Abortion

Abortion Provider Expands to New Mexico in Response to Texas Anti-Abortion Law

As a lawsuit challenging Texas' highly restrictive abortion access law winds its way through the federal court system, one Texas abortion provider announced Wednesday that she would expand services into neighboring New Mexico.

The Whole Woman's Health clinic in McAllen, Texas, which recently reopened, bringing legal abortion care back to the Rio Grande Valley. Andrea Grimes

As a lawsuit challenging Texas’ highly restrictive abortion access law winds its way through the federal court system, one Texas abortion provider announced Wednesday that she would expand services into neighboring New Mexico.

The move would ensure that many patients in Juarez, El Paso, and southern New Mexico would continue to have access to safe, legal abortion care whether or not the Texas law is upheld.

“We’re here to state clearly and proudly that politicians’ efforts to close our doors have not discouraged us and have not subdued us,” said Whole Woman’s Health CEO Amy Hagstrom Miller, whose group of reproductive health-care providers will expand operations into four states as of September 15, when a Las Cruces, New Mexico, Whole Woman’s is set to open its doors.

Whole Woman’s currently operates clinics in Texas, Minnesota, and Maryland.

“We’re stronger and more determined than ever,” said Hagstrom Miller. Though Hagstrom Miller has shuttered Texas clinics in Beaumont and Austin in recent months, a recent federal court ruling has enabled her to reopen a facility in McAllen, Texas, bringing legal abortion care back to the Rio Grande Valley, pending court rulings in favor of the State of Texas and HB 2.

Her facilities in San Antonio—including one abortion-providing ambulatory surgical center—and Fort Worth also remain open thanks to the federal court ruling.

During the Wednesday press conference, Whole Woman’s also announced the new Whole Woman’s Advocacy Alliance, intended to “encourage open an honest conversations” about abortion care and abortion stigma, and “engage people to stand up to harmful restrictions that threaten women’s health in Texas and beyond.”

Whole Woman’s, along with a handful of other independent Texas abortion providers, secured a victory in federal court Friday when a district judge ruled that HB 2, the anti-abortion access law famously filibustered in June 2013 by state Sen.
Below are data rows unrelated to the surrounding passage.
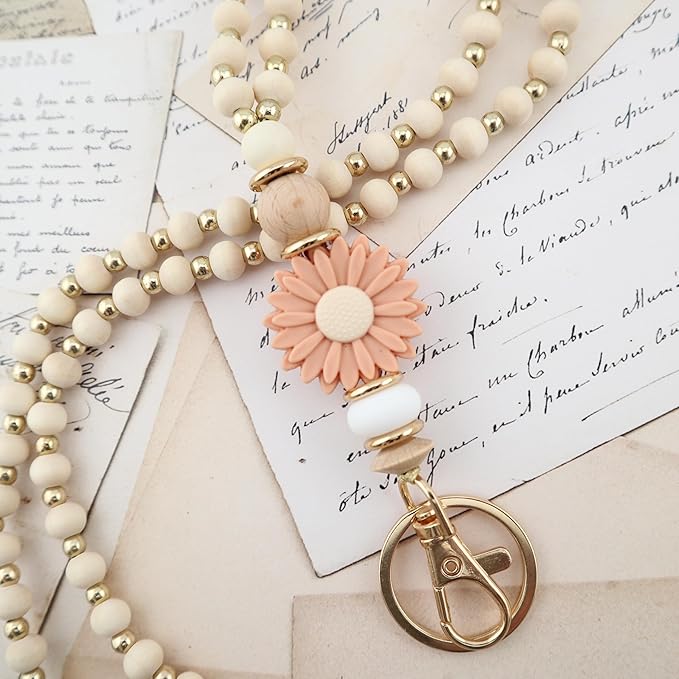 Wooden Teacher Lanyards for Id Badge Cute Flower Wood and Gold Beaded Lanyards for Women for Nurse Badge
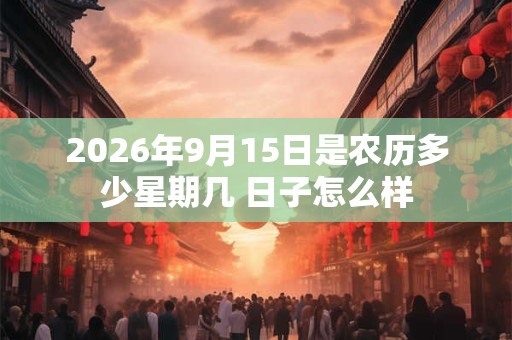 2026年9月15日是农历多少星期几 日子怎么样 2026年9月15日是农历多少星期几 日子怎么样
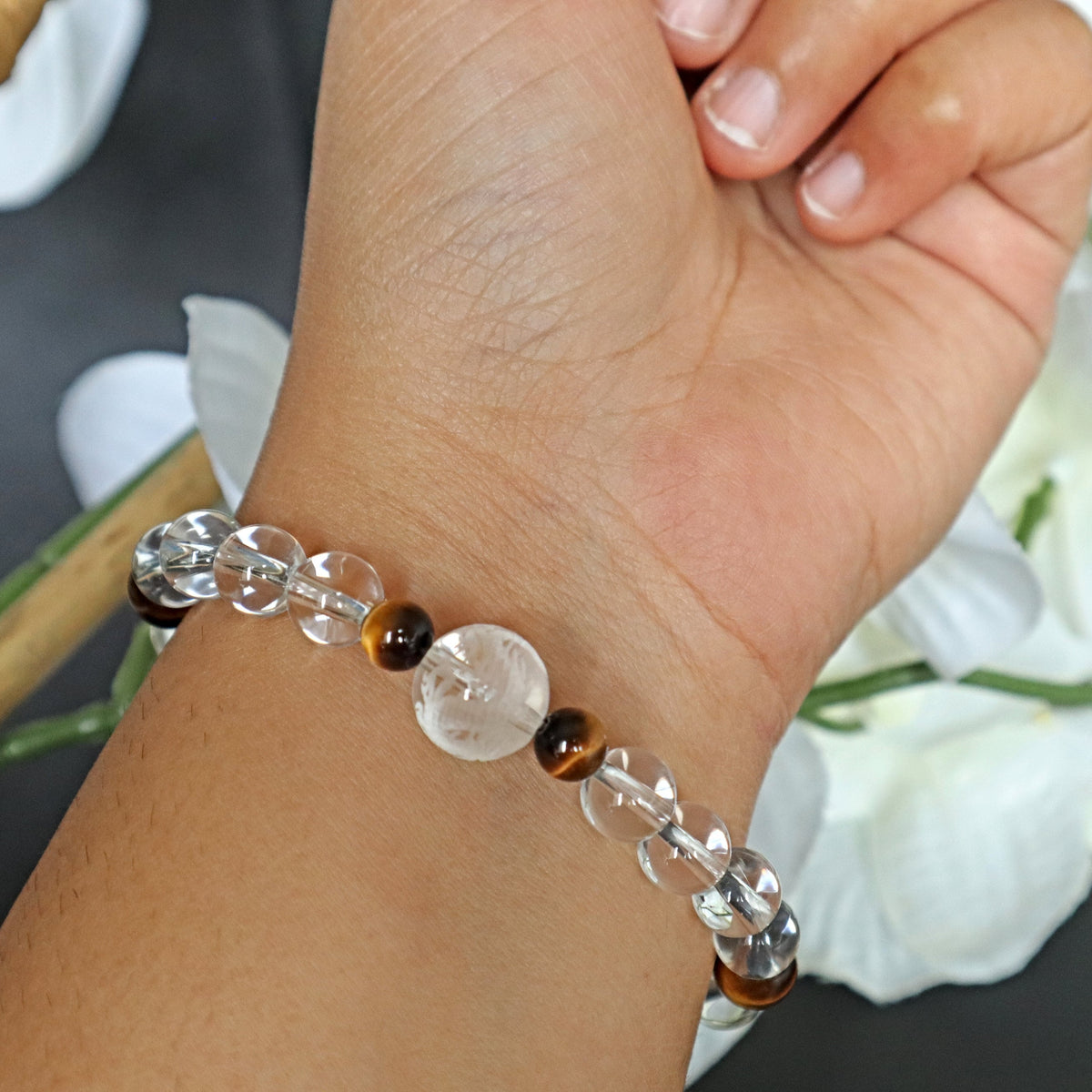 Dragon Bracelet Hand Carved Clear Quartz with Tiger Eye, Birth Year of the Dragon Gift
Wendy Davis, is unconstitutional.

Western District judge Lee Yeakel agreed with Texas abortion providers and university researchers who argued that the law would disproportionately negatively affect low-income Texans and Texans of color who could not travel hundreds of miles round trip, often staying overnight, to obtain a legal abortion in one of Texas’ major urban centers.
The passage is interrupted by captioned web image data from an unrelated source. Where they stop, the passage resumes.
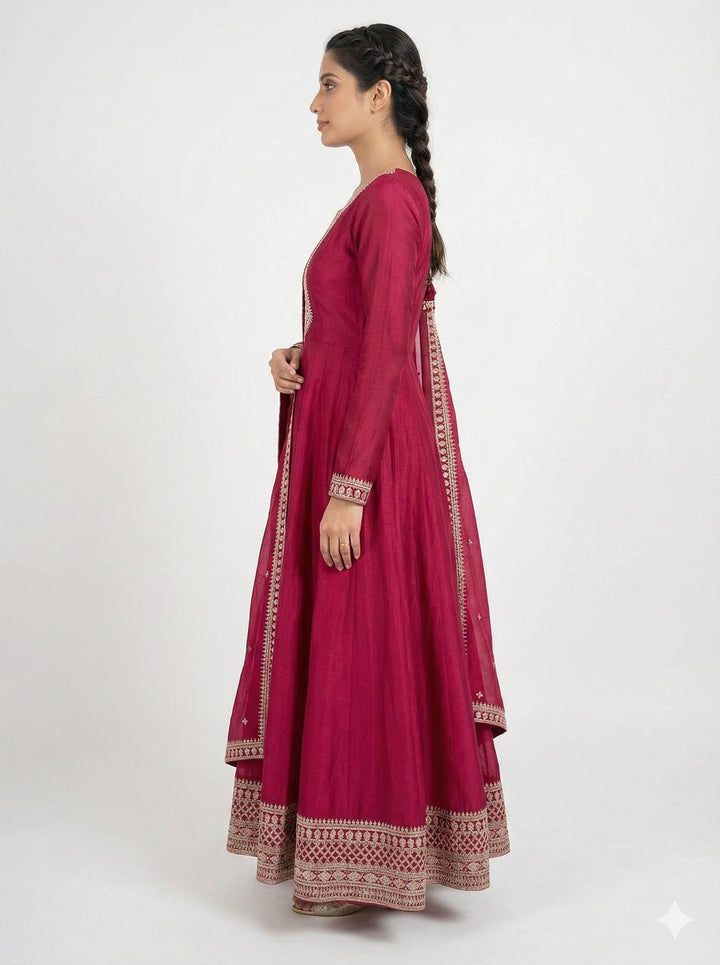 PREMIUM QUALITY PURE VICHITRA SILK FABRIC FULLY FLARE GOWN, WITH DUPATTA SET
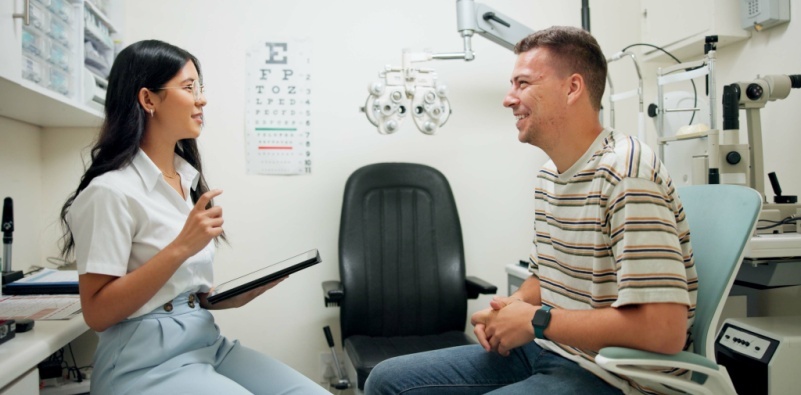 man with an optometrist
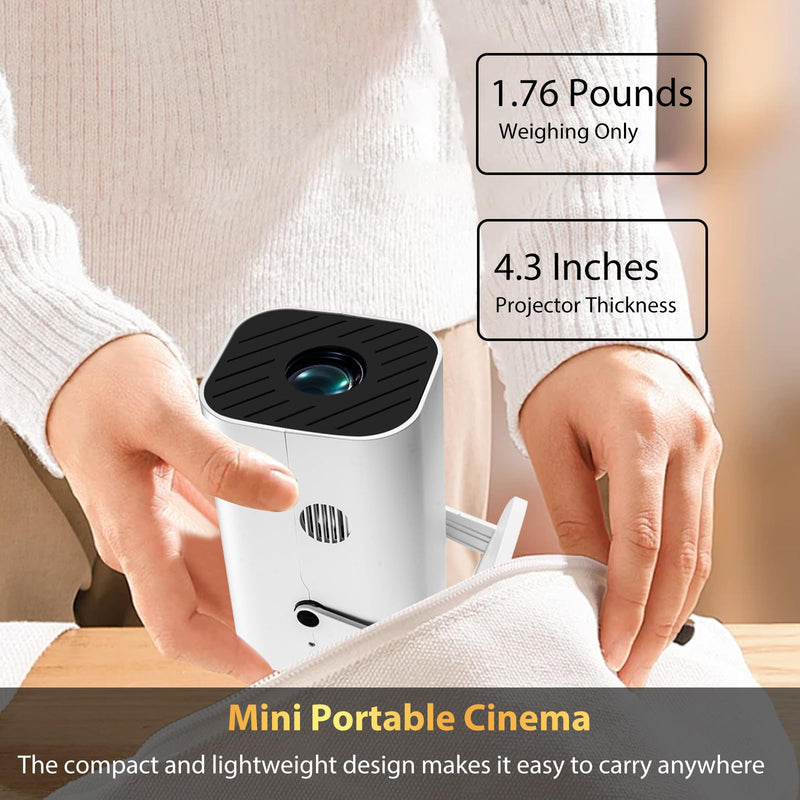 【Built-in APPS & Electric Focusing & 210° Rotation】Mini Projector With Wifi And Bluetooth, 1080P Portable Projector, Movie Projector for Bedroom, Supports Smartphones/TV Stick/iPad/PS5/Laptop/HDMI/USB With WIFI And APPS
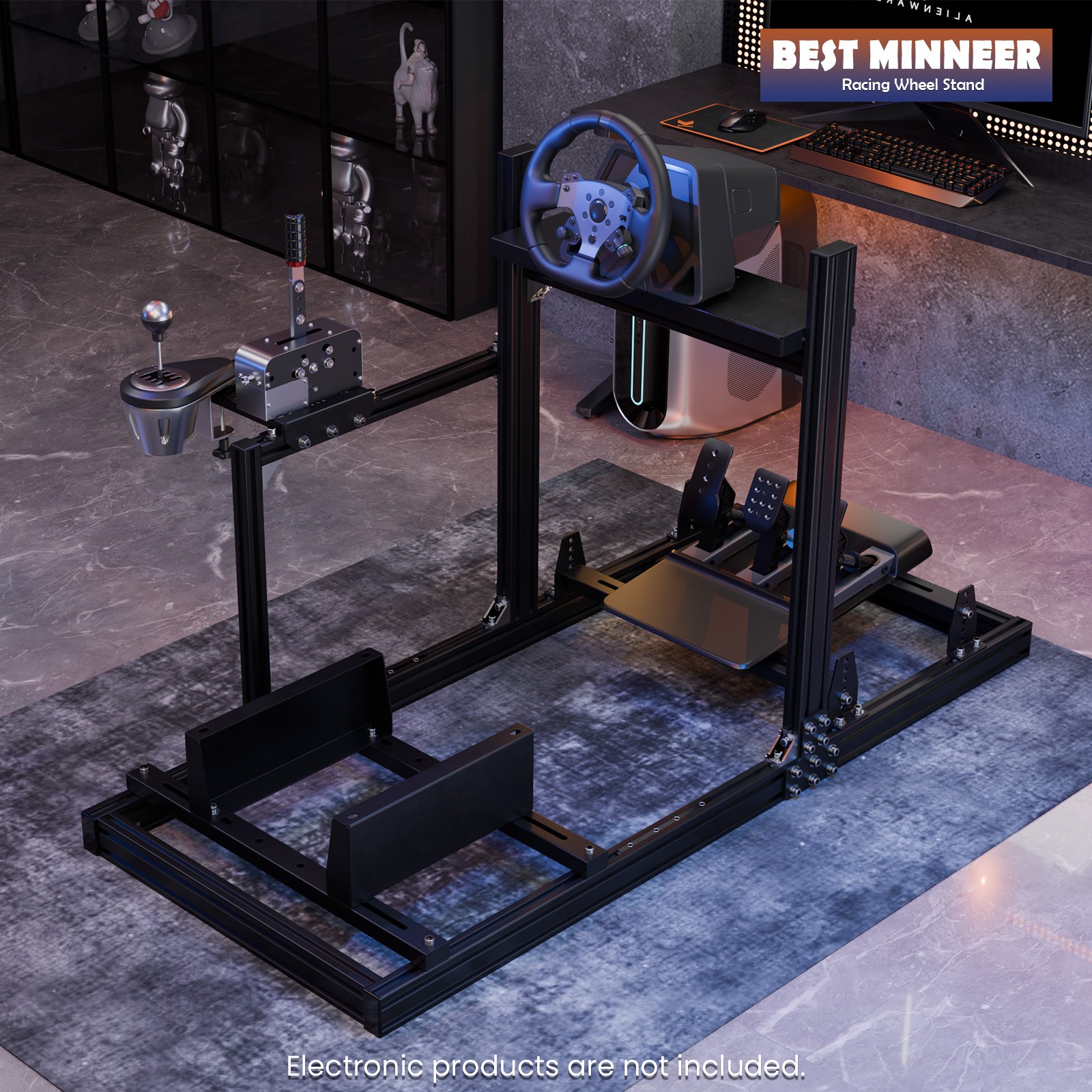 Minneer 3060 Aluminum Racing Simulator Cockpit Fits Logitech G923 Thrustmaster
HB 2 requires, in part, that abortion clinics operate as hospital-like ambulatory surgical centers and mandates that abortion-providing doctors have hospital admitting privileges.

In his opinion blocking the enforcement of HB 2, Yeakel wrote that HB 2’s combination of restrictions “creates a brutally effective system of abortion regulation that reduces access to abortion clinics thereby creating a statewide burden for substantial numbers of Texas women.”

The Texas attorney general’s office, which is defending the law, immediately appealed Yeakel’s ruling to the Fifth Circuit Court in New Orleans, only to have its request for an emergency injunction swiftly denied.

Had the appeal been granted, it would have allowed the state to enforce HB 2 and effectively shutter all but eight of Texas’ legal abortion providers.

The Fifth Circuit has scheduled the next HB 2 hearing for September 12.